Keep Your Core Strong and Balanced Easy At-Home Exercises For Your Back

by Ian on April 27, 2012

Everyone wants strong, toned abs to look in the mirror and admire, but toning your abs without working your back can lead to muscle imbalance and even back pain. With strengthening, endurance and stretching, these four simple exercises will keep your core stay in top shape.

The Lunge

The classic lunge works your stabilizing muscles from your back all the way into your calves. Put your hands on your hips, contract your abs, lunge until one knee is at a 90-degree angle, and straighten again. Repeat ten times per leg.

When this becomes too easy, hold a free weight in each hand while you lunge, or put your foot out at an different angles when you lunge.

The Plank

The plank has the benefit of working both your back and your abs at once, improving strength and endurance. Lie on the floor propped on your forearms. Keeping your back straight, abs contracted and hips tilted, push up onto your elbows and toes.

Yoga pose plank

As a variant, lie on your side, propped on an elbow directly below your shoulder, with your feet together. Contract your abs and lift your hips off the floor, making yourself into a straight line. Hold each of these for twenty to forty seconds, repeating two or three times.

The Corpse

Though unpleasantly named, this yoga position is excellent for stretching and releasing tension from your back muscles. Lie flat on your back with your arms to your sides and slowly rotate your knees outward. Breathe through it, stopping before becomes uncomfortable, and relax until your back feels adequately stretched.

The Locust

To really give your back a stretch, try the simple but demanding Locust. Lie on your stomach with your arms to your sides. Bend your elbows, point your fingers toward your feet, and raise your legs up as much as you can.
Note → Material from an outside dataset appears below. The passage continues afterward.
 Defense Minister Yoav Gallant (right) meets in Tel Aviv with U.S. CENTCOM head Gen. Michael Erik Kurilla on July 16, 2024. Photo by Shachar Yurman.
Hold for one second, then release. Repeat ten times if you can, but stop if you experience pain. The Locust not only stretches but improves endurance.

These core exercises are an excellent addition to your abdominal exercise routine, especially as a balance to the Flex Belt or other ab machine. True power comes not just from strong abs, but from a strong core overall. Never forget to work out your back.